Second homes typically require 10-20% down, compared to 3-5% for primary residences. Some jumbo lenders require 20-25% for second homes over $1 million. The exact percentage depends on your credit score, loan amount, and lender requirements. A higher down payment improves approval odds and secures better interest rates.
How does a second home mortgage affect my debt-to-income ratio?
Your second home mortgage payment counts toward your total monthly debt obligations. Lenders calculate DTI as all monthly debts (primary mortgage, second home mortgage, car loans, credit cards, student loans) divided by gross monthly income. Second homes have stricter DTI limits (36% versus 43% for primary) because lenders view them as higher risk, making qualification harder if you have existing debts.

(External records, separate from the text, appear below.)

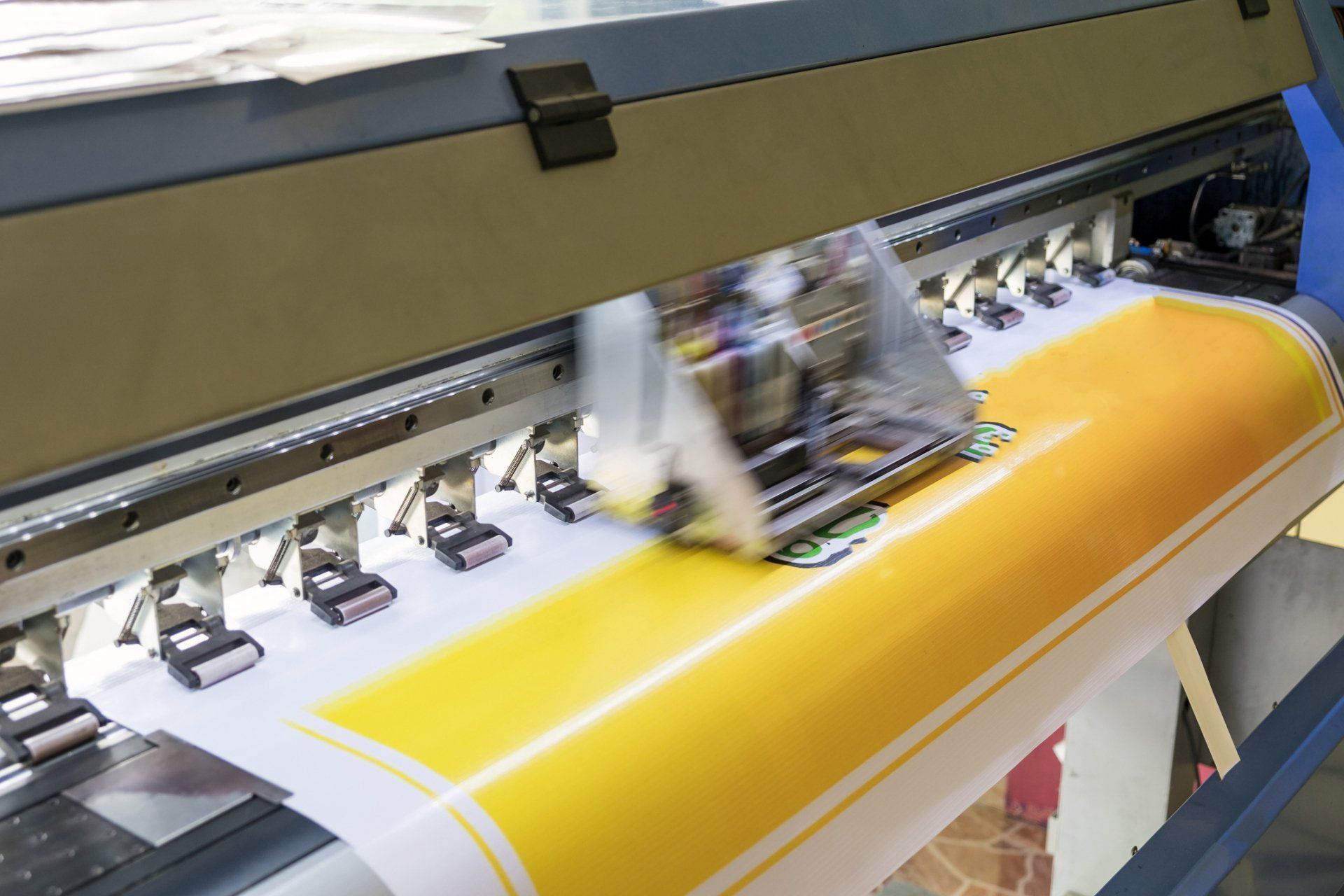 Large format printer in operation, spraying ink on yellow and white poster paper. The machine is beige and blue.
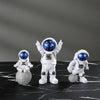 Three handcrafted astronaut figurines in white and blue resin standing on a black marble surface.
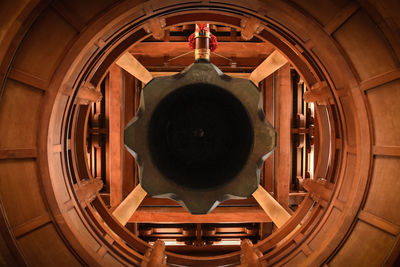 Close-up of electric lamp hanging from ceiling at home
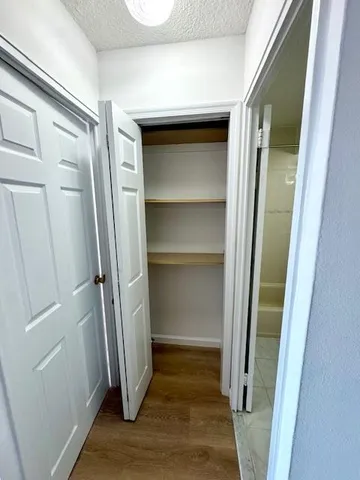 a view of walk in closet with empty racks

Do I need to have paid off my primary home to qualify for a second home loan?
No, you don't need your primary home paid off, but most lenders require 40% equity in it. If your primary home is worth $400,000 and you owe $200,000, you have exactly 50% equity, meeting most requirements. The equity demonstrates financial stability and gives the lender collateral security.
Will rental income from my second home help me qualify for the mortgage?
Yes, rental income can significantly improve your qualification if you document it. Lenders typically allow 75% of projected rental income to offset the mortgage payment, reducing your DTI. You'll need a lease agreement, property management estimate, or local rental comps to justify income claims. This is especially helpful for investment properties with strong rental markets.